I shaved my trunk using body filler...only to be told that it'll crack someday...so...i'm gonna sand it out, and let my friend handle it. lol. He's gonna show me how to do it properly...then I can charge other people to do it.  

So if you wanna do it yourself...get all the info you can about it. Much better to do it the right way the FIRST time.

92 sentra...did you weld metal on the side moldings? Cuz I heard the doors can warp really easily. I think i'm just gonna use body filler...my friend prescribed "metal to metal" filler. I don't know what that is tho. And I can't find it either. SO how did you do the side moldings?


----------



## Ninety-Nine SE-L (May 5, 2002)

GlowstickBoy said:


> *I got a friend who's gonna do all 4 door handles, side moldings, and my trunk for 200!!!! *


oh man, I'm thinking of shaving the same stuff too. $200?!?!?! you gotta introduce me, I'd drive 2000mi to CA for that. The best deal I'll probably get is like $100 PER HANDLE (x4 doors) plus probably $500 for both moldings and maybe $500 for the trunk. plus I need to paint once I get a body kit. (I'm thinking of going blue)


----------



## MP2050 (May 1, 2002)

Yeah once I get the car in the shop IM trying to decide whether I should get all four handles shaved or just the back two.....???

I figure I should prob. just shave all four but Im also considering the trunk so $$$$$ is an issue


----------



## Psch91 (May 18, 2002)

I heard that tracks wont let you race without your door handles, for security reasons.

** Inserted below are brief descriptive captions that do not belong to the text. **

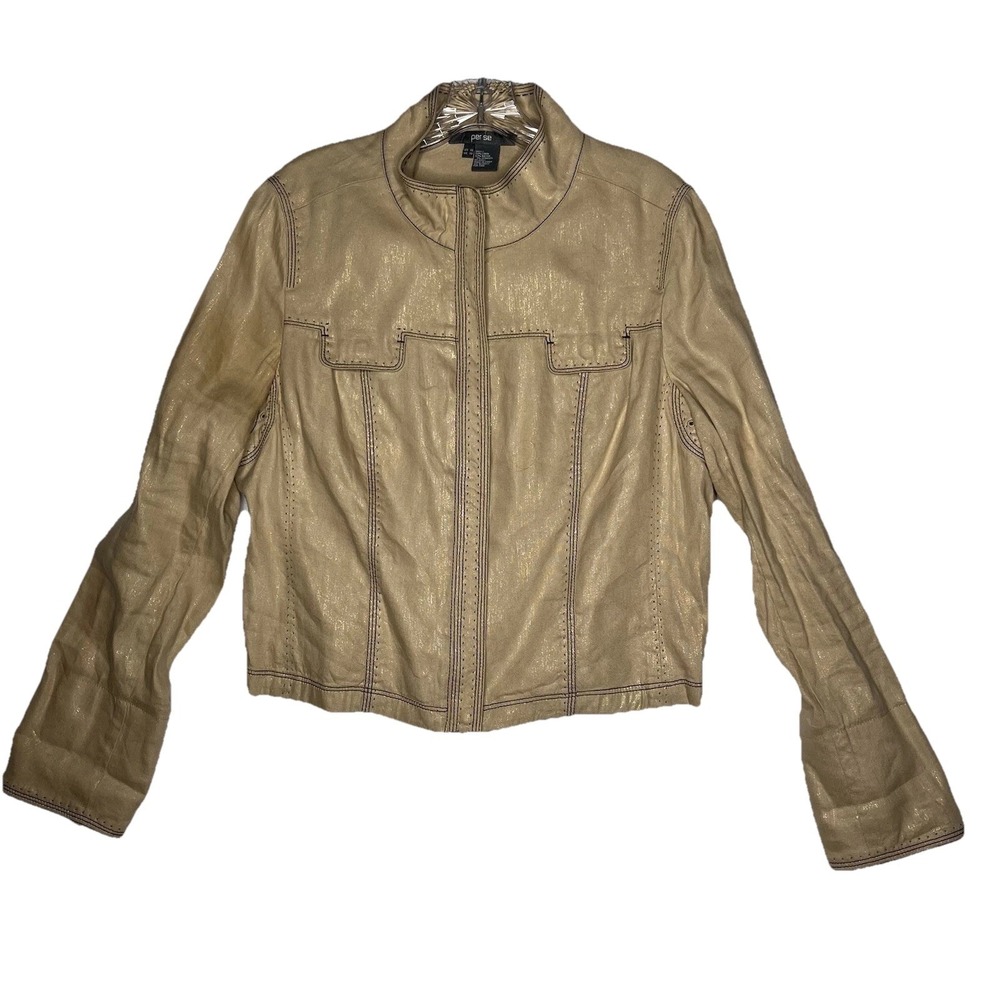Per Se By Carlisle Gold Shimmer Stitching Detail Jacket Coat Linen Blend 16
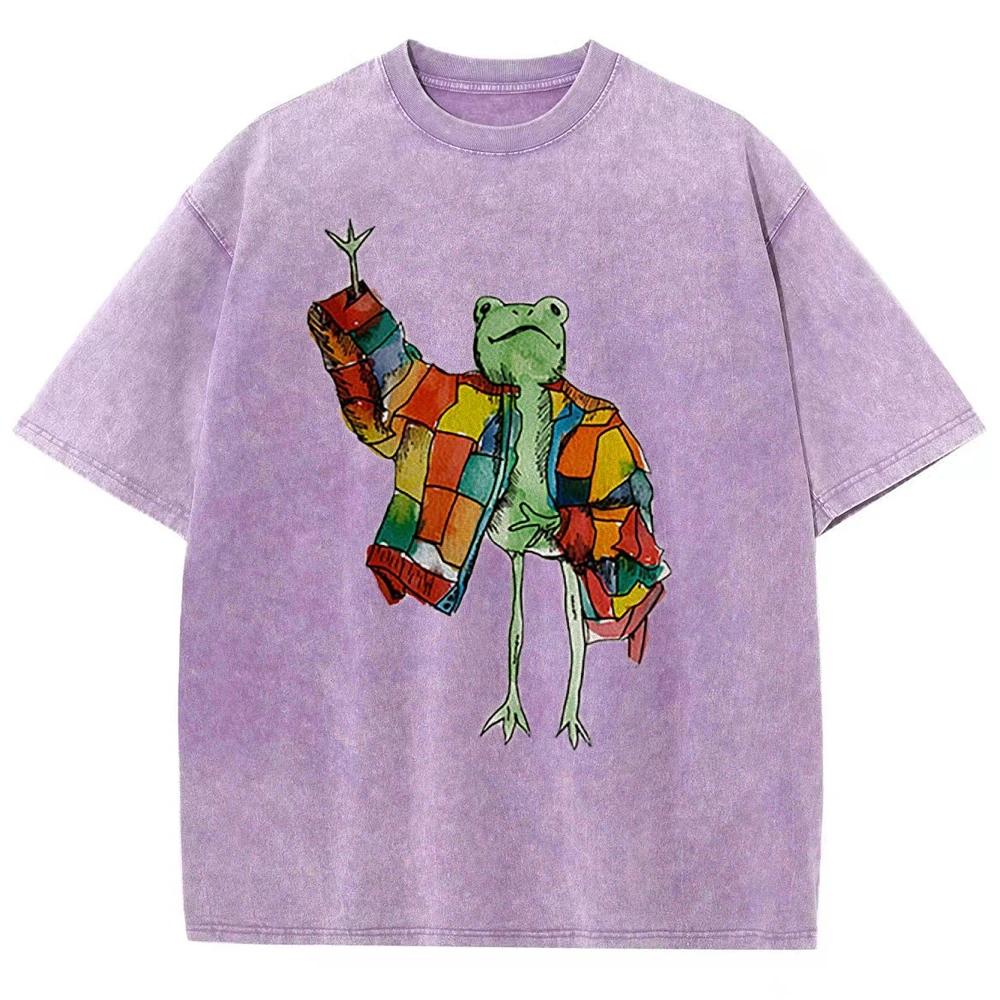 Cute Funny Style Cartoon Frog Print Ladies T-Shirt Loose Wash Oversized Short Sleeve Summer Fashion Cute Top Students
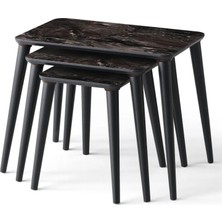 Siyah Mermer Retro Üçlü Zigon Sehpa Modern Mdf Zigon Sehpa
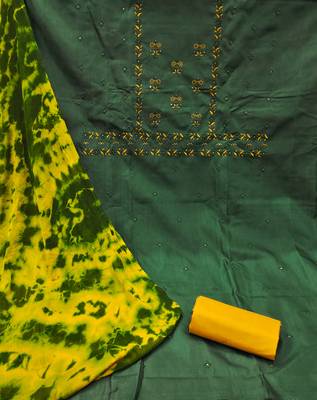 Green embroidered silk salwar 2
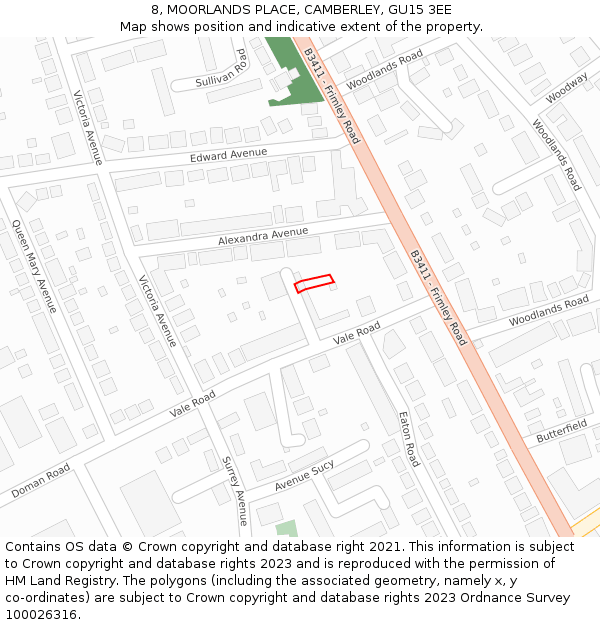 8, MOORLANDS PLACE, CAMBERLEY, GU15 3EE: Location map and indicative extent of plot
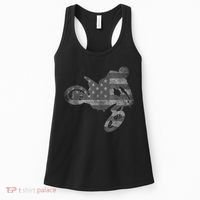 Dirt Bike American Flag Motocross Enduro Women's Tank Top thumb 0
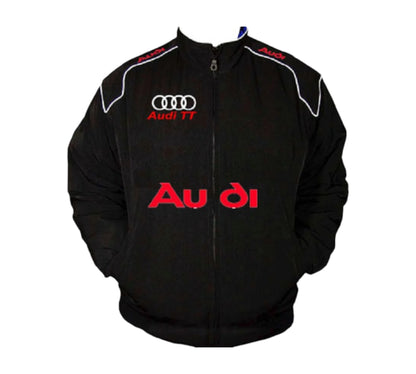 Black Audi jacket with red branding on a white background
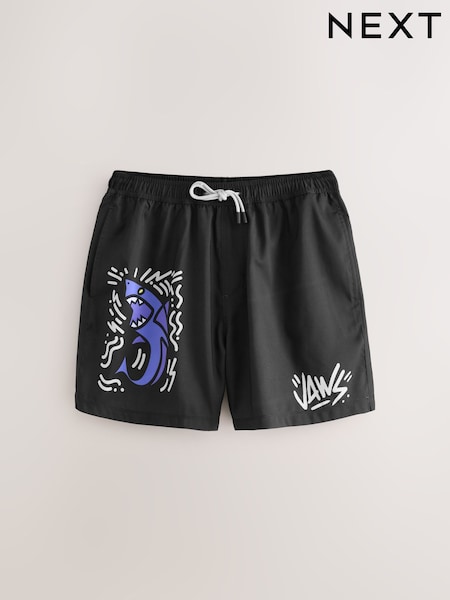 Black Jaws License Printed Swim Shorts (F24453) | R$ 210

And MP2050, why do you cap your "u" isntead of making the effort to make the U caps, why not just write "you"?


----------



## MP2050 (May 1, 2002)

Psch91 said:


> And MP2050, why do you cap your "u" isntead of making the effort to make the U caps, why not just write "you"? [/B]


Yo Please tell me U  are trying to make sum kinda joke here.......


----------



## Psch91 (May 18, 2002)

No, its no joke, I just find it annoying how you can type U instead of just writing you, like everyone else. Everything else you write is perfect. (Besides "B4"= before)


----------



## LIUSPEED (May 29, 2002)

well for southern cali people...call the body shop i go to.. they are called Ameoba Auto Body.. they do hella good work.


----------